Situasi semakin terasa panas ketika kelompok politik berencana mengerahkan massa dari berbagai kota ke Jakarta untuk mengawasi jalannya Pilkada. Rencana itu -yang dikenal dengan sebutan Tamasya Al Maidah, akui saja, terasa mengintimidasi. Aparat hukum berjaga-jaga dengan ketat agar tidak terjadi gesekan besar dalam masyarakat.
Pilkada Jakarta putaran kedua berjalan relatif aman. Calon petahana kalah dalam pemilihan. Tapi itu tidak berarti kegaduhan telah usai.
Berkat politik identitas yang sangat kuat di satu kelompok, Pilkada Jakarta membuat masyarakat terbelah menjadi dua kelompok. Isu yang mencuat bukan lagi soal kemenangan dan kekalahan calon, melainkan meruncing ke soal pandangan cara hidup bermasyarakat dan bernegara.
Apa yang kemudian dilakukan oleh pemerintah? Pemerintah tampaknya mau memperlihatkan kepada masyarakat bahwa sikap tegas kepada kelompok-kelompok yang mempromosikan cara hidup bermasyarakat dan bernegara yang bertentangan dengan dasar negara dan konstitusi.
Awal Mei ini pemerintah menyatakan akan membubarkan Hizbut Tahrir Indonesia (HTI) -ormas yang memang dengan terus terang bersikap anti demokrasi dan mempromosikan kekhilafahan yang tak dikenal dalam konstitusi kita. Langkah ini sungguh mengherankan.
Yang mengherankan, pemerintah seolah tidak memahami langkah legal prosedural yang harus diambil untuk membubarkan -yang sebetulnya lebih berupa pencabutan status badan hukum- sebuah ormas sesuai dengan undang-undang. Apa yang diharapkan pemerintah dengan ketergesa-gesaan yang terasa seperti disengaja ini?
Langkah-langkah pemerintah untuk mencegah dan meredakan kegaduhan politik di tengah masyarakat sejak November tahun lalu sampai hari ini tampaknya tidak membuahkan hasil.
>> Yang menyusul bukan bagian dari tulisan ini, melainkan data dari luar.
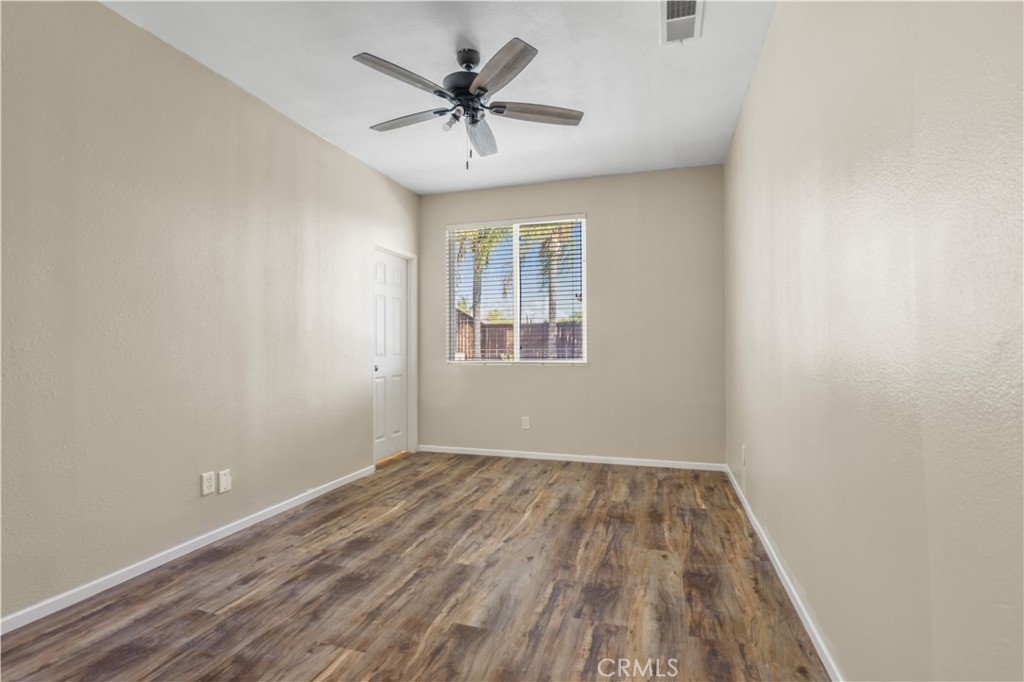 41793 Pioneer Street Property Photo 17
Langkah-langkah itu malah menimbulkan kegaduhan baru.
Itu semua tampaknya bermuara pada pendekatan reaktif dan ketidakjelasan penyelesaian hukum dalam langkah-langkah yang diambil pemerintah tersebut.
Selasa (16/5) kemarin Presiden Joko Widodo bertemu dengan tokoh-tokoh lintas agama. Tampaknya pertemuan tersebut merespon kegaduhan di tengah masyarakat yang muncul selepas pengadilan memvonis Ahok dalam kasus dugaan penistaan agama.
Usai pertemuan itu Presiden Joko Widodo menyerukan kepada seluruh masyarakat agar menghentikan gesekan yang sempat terjadi belakangan ini. Kapolri dan Panglima TNI diperintahkan untuk bertindak tegas terhadap upaya apa pun yang tidak sesuai dengan dasar negara dan konstitusi.
Apakah langkah pemerintah kali ini akan berhasil meredakan kegaduhan? Tampaknya sangat tergantung pada ketegasan dan kejelasan langkah penyelesaian hukum untuk setiap tindakan yang diambil.
Jika tidak begitu, langkah tersebut tak ubahnya strategi politik kartu poker belaka: membangun pengaruh, menggertak, berpura-pura, menjebak, dan selebihnya adalah ngarep. Sebuah strategi politik berjudi. Itu tidak kita butuhkan. Masyarakat butuh ketenangan yang sesungguhnya, bukan retorika.